In effect, a member of the executive branch of Government is given by law the power to ignore the law and to exempt from the application of the law a foreign national. This is evidently a heavy responsibility in a country governed by the rule of law. The Applicants seek in this case the relief available through a Humanitarian and Compassionate (H&C) application.
[3]
The judicial review application is presented to this Court on the basis of section 72 of the IRPA.
I.
The facts
[4]
The Senior Immigration Officer, the decision maker who holds their authority from the Minister, advises at the beginning of the decision that it is for the Applicants to discharge the burden of justifying that they are deserving of being granted an H&C application. In this case, the Applicants are raising three grounds in their H&C application (para 2): their establishment in Canada, the best interests of the children (BIOC) and the hardship they would suffer if they had to return to Nigeria in order to seek to become permanent resident to Canada from there.
[5]
The Applicants are citizens of Nigeria. The parents have two other children who were born in Canada. The Principal Applicant came to Canada to visit, in January 2001, but soon after, in January 2012, in the words of their memorandum of facts and law, “the whole family started living in the country since the Applicant worked in Canada as a Pastor”
(para 6 ).
[6]
The Principal Applicant graduated in 2013 in biblical studies at Acadia University, in Nova Scotia. He then went to McGill University for a Master of Arts in Religious studies; he graduated in 2015. In 2016, he obtained a “professional diploma in Ministry”

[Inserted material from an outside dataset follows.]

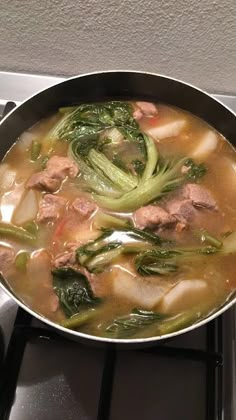 a pan filled with meat and veggies on top of a stove burner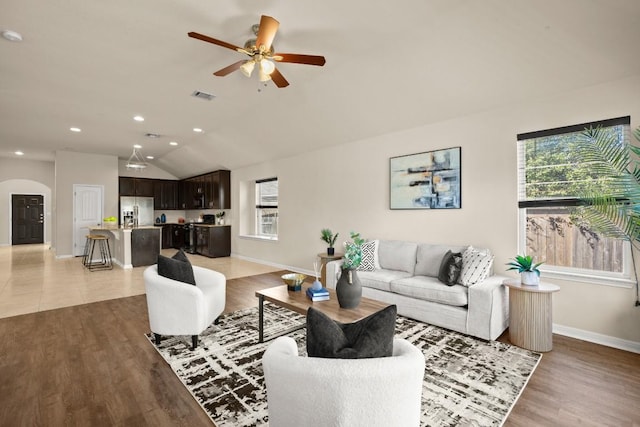 living room with hardwood / wood-style flooring, ceiling fan, and lofted ceiling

and then studied at the Presbyterian College in Montréal, following which he was ordained and inducted in April 2018.
[7]
The Principal Applicant became without any immigration status in this country when the visitor visa was not renewed. The Applicants submitted their H&C application on July 1, 2020. They have not sought refugee status in this country.
[8]
The establishment of the Applicants is based on a history of stable employment, a sound financial situation, integration in communities in Nova Scotia and Montreal through involvement in community organizations and voluntary service, learning to speak French, paying taxes and no involvement with law enforcement.
[9]
On the best interests of the children, the Applicants considered their three children as benefitting from being raised in Canada. Even the older child who was not born in Canada knows very little about his native Nigeria, as he came with his parents to Canada when he was only three years old. The older child is fully integrated in Canadian culture: he has received his education in this country, his friends are here, he speaks Canada’s official languages, he has good grades, compared to a transition back in Nigeria where the child would have to suffer intellectually, socially and emotionally. In fact, the degree of establishment of the child is a very relevant consideration, argue the Applicants.
[10]
The third ground raised is the hardship awaiting the Applicants if they were to move back to Nigeria. The Applicants insist that what must be considered is hardships and difficulties, not persecution. Thus, there are significant safety issues in Nigeria because of the country’s instability. The general violence in the country is argued by the Applicants as evidence that the authorities do not have control over the security of the country. Terrorism and kidnappings are said to be rampant. The police is ineffective and does not enjoy the trust of the population. In fact, there is a measure of corruption within police forces. The Applicants raise issues concerning conflicts involving large groups like the Fulani Herdsmen or Boko Haram, generating ethnic and religious tensions. The Applicants raised the specter of Nigerian cults.
II.
The decision under review
[11]
The Senior Immigration Officer notes that the Applicants contend that “the health care system or program is not good in Nigeria”
, with an infant mortality rate that is high. The existence of random acts of violence is acknowledged, together with sectarian and terrorist violence. Nevertheless, these are circumstances faced by all citizens in Nigeria. The Officer finds that country conditions in general must be linked to their personal situation, such that the risk incurred is greater than that of other citizens in Nigeria.
[12]
From here (page 3 of 7) until the end of the decision, the decision maker repeats 15 times, on various items, that there is “insufficient objective evidence”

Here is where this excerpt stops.